Listen to the local area radio station for the latest updates and information on fire safety. 

Fire restrictions

  • Wood fires and solid fuel fires are prohibited between 18 November 2016 to 30 April 2017.
  • Wood fires and solid fuel fires are only permitted in the designated campfire areas within Pink Gum Campground from 1 May 2017 to 17 November 2017, other than on days of total fire ban.
  • You must bring your own firewood, as the collection of firewood within National Parks is prohibited.
  • Gas fires are permitted through the year, other than on days of total fire ban.
  • Ensure you are familiar with the fire restrictions for this park.

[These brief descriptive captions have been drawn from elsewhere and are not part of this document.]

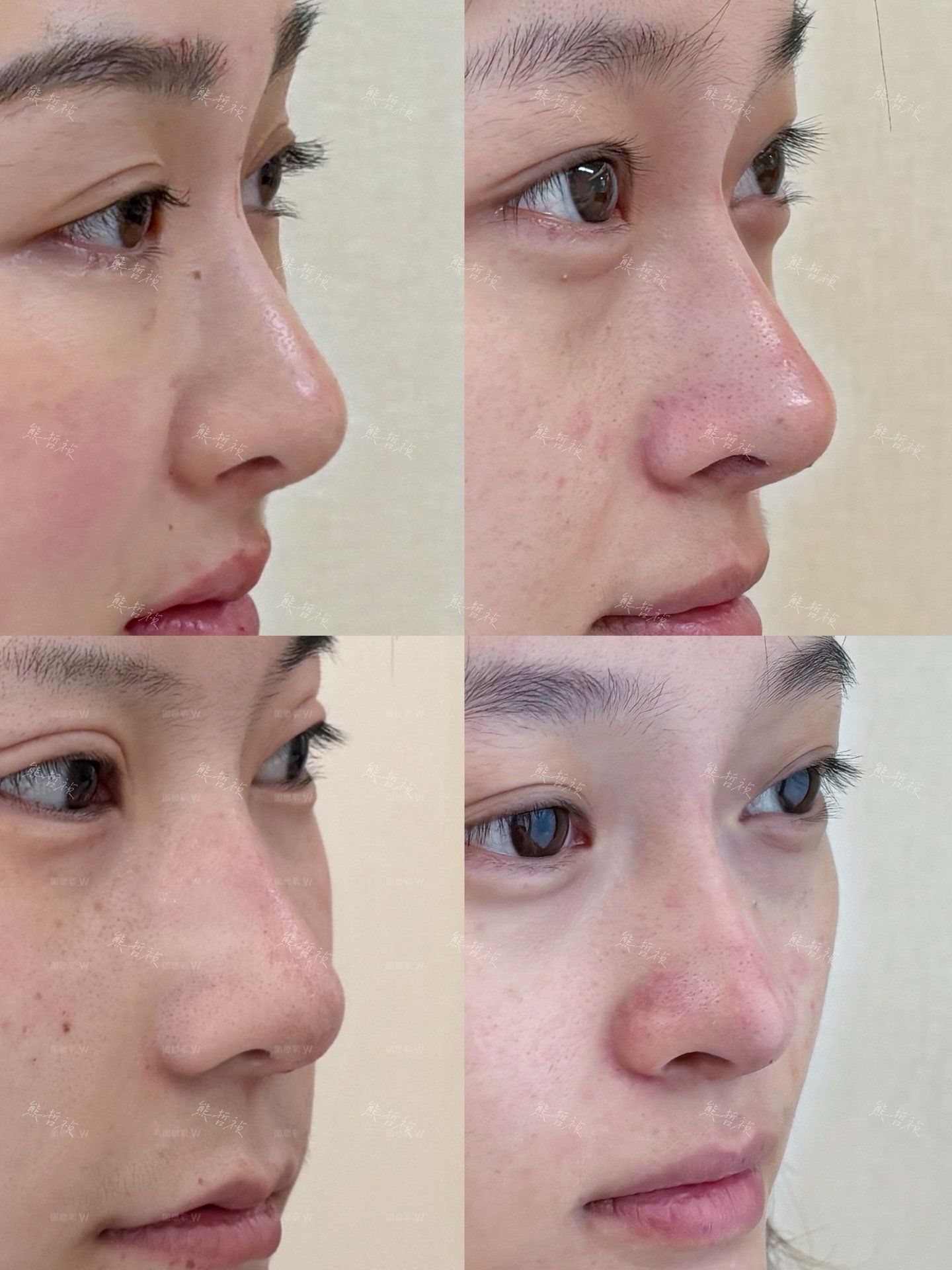 刀注射精致立体鼻91
0整感,妈生感真的好强
从山根—鼻背—鼻头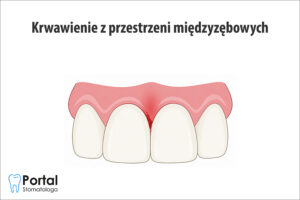 Krwawienie z przestrzeni międzyzębowych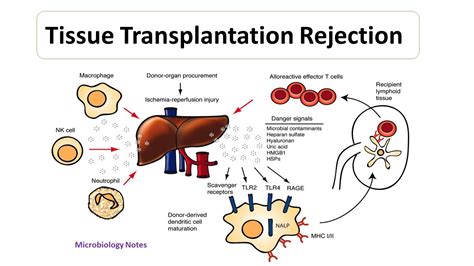 What is the most rejected organ transplant?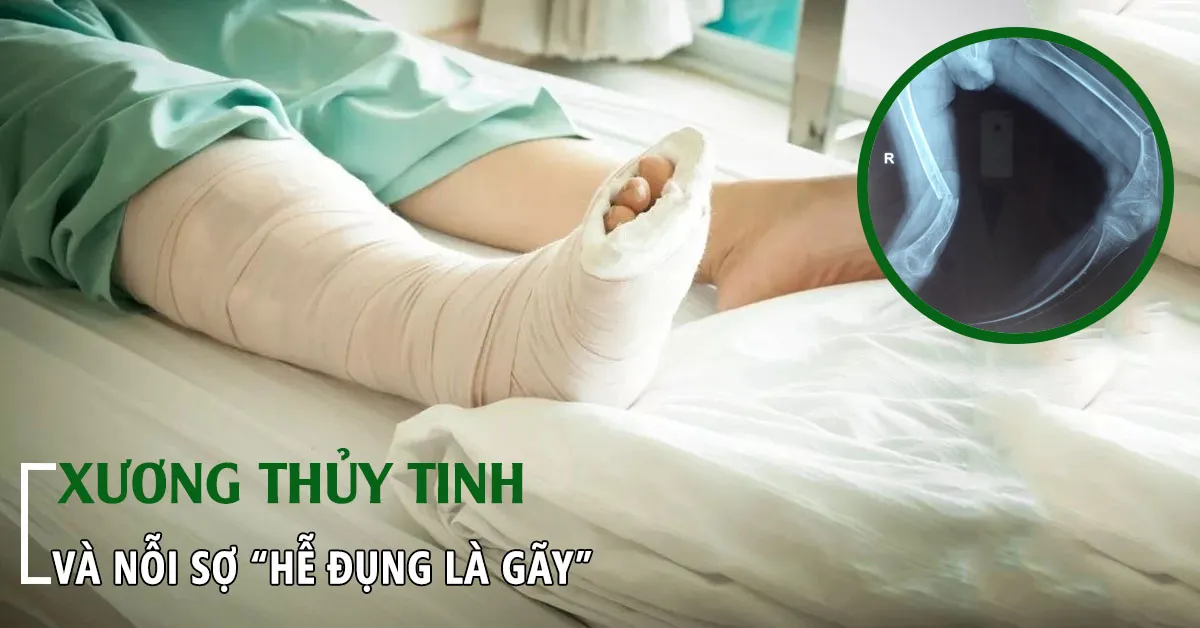 Xương thủy tinh là bệnh gì và có thể điều trị được không?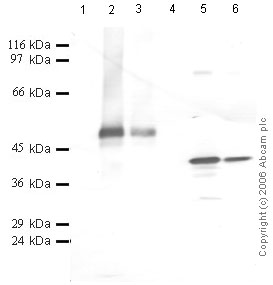 All lanes : Anti-MASPIN antibody (ab42352) at 1/1000 dilutionLane 1 : Negative controlLane 2 : Yeast recombinant Maspin at 0.05 µgLane 3 : Yeast recombinant Maspin at 0.01 µgLane 4 : Negative controlLane 5 : Bacterial recombinant Maspin at 0.05 µgLane 6 : Bacterial recombinant Maspin at 0.01 µg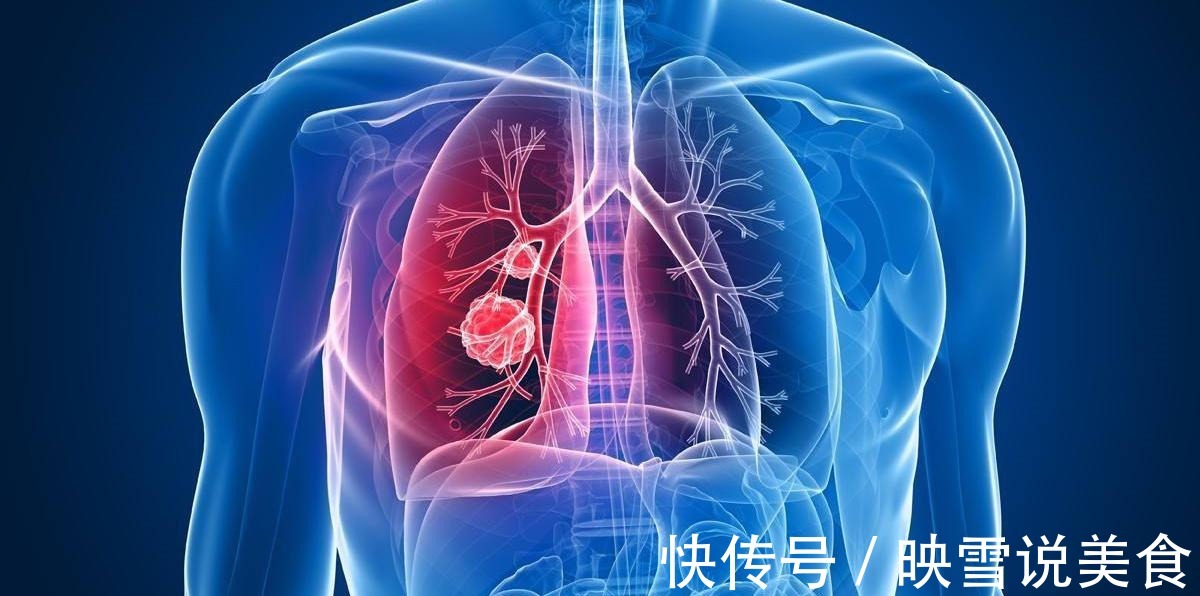 放疗|治癌二十多年,肺癌专家患上肺癌,他的一个反思,引人深思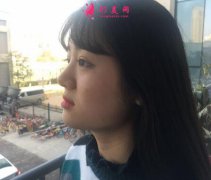瘦臉針有效嗎？看我術(shù)后恢復(fù)效果怎么樣！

Please take care on the trails during winter. The river is deep and fast-flowing and should not be crossed. There are also occasional environmental flows released seasonally.


Park maps

Maps on your mobile

If you have a smartphone or tablet you can download the free Avenza PDF Map app and have interactive national park maps on hand when you need them.

The app uses your device's built-in GPS to plot your real-time location within the park onto a map. The app can be used without a network connection and without roaming charges. You can also measure area and distance, plot photos and drop placemark pins. 

How to get it working on your device:

1. Download the Avenza PDF maps app from the app store whilst you are still in range (its free!).
2. Open up the app and click the shopping cart icon.
3. Click ‘Find’ and type the name of the national park or reserve you are looking for.
4. Click on the map you are after and install it (all our maps are free).
5. You will now find a list of your installed maps on the home page of the Avenza app.
6. Use our maps through the Avenza PDF map app while in the park and never take a wrong turn again.


Entry fees


Vehicle entry to this park is free, however fees apply for camping.

Camping and accommodation

Bookings for this new campground are now available for camping from Wednesday 1 November 2017. 

Please pay for vehicle entry and book your campsite prior to arrival as self registration stations are not available in this park.

Click through to the online booking page for more details about individual campgrounds and fees.

Alternative booking and payment options

If you prefer not to book online, cash payments for this park can be made at:

McLaren Vale

McLaren Vale and Fleurieu Visitor Information Centre
Address: 796 Main Rd, McLaren Vale SA 5171
Phone: (+61 8) 8323 9944

Other fees and permits

There are no other fees or permits associated with this park.